Yesterday, the prime minister attended a ceremony to mark Canada's entry into the First World War. The standard interpretation of Canada's part in that war is that we blindly followed Britain to war. But we emerged from it a mature, independent nation. Andrew Cohen writes that the one hundredth anniversary of that war is a good time to ask some hard questions. After all,
It was a wasting conflict – a slaughterhouse, really – killing more Canadians than all of Canada’s wars before or since. As the superb historian Tim Cook says: “It was a total, unlimited war … felt all the way back through Canadian society.”
Some 620,000 Canadians served, of whom 60,000 died. It was devastating in a country of eight million; today, the equivalent would be 250,000 dead.
But was it worth it? And would we do it again?
In a fine essay in the current Maclean’s, Peter Shawn Taylor puts some of these questions to leading historians and commentators. He comes up with some hard truths.

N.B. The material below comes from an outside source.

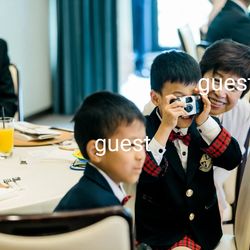 ROKUSISUI KYOTO OKAZAKIの写真21枚目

One is that the Great War evoked a depth of sacrifice in a conservative, Christian, rural, lily-white, Anglo-Saxon country that seems “unfathomable” today. Canada was a more deferential society, half its population of British descent, willing to follow the mother country into the killing fields.
In reflecting on the Great War a century after its outbreak, what is striking is the consensus that Canada could mount no such effort today, that we lack the kind of pride, attachment or national honour that that enterprise demanded.
These days, our patriotism is rather facile:
These paroxysms around the Olympics or other boasts (the strength of our banking system, our successful multiculturalism) inevitably bring a predictable breathlessness. We’re the best in the world! We’re the greatest!
This is what passes for patriotism in Canada in 2014. It demands nothing of us. Our pride in country, however real, does not seem to manifest itself in anything very substantial, such as volunteerism, voting, or national service, community or military.
Our prime minister talks like General Patton. But he treats voters as consumers:
Balance the budget, keep cell-phone rates low, fill in the potholes. No big ideas or no national projects, please.
On the other hand, that very attitude might have kept us out of World War I. And, one hundred years later, the whole enterprise seems rather futile.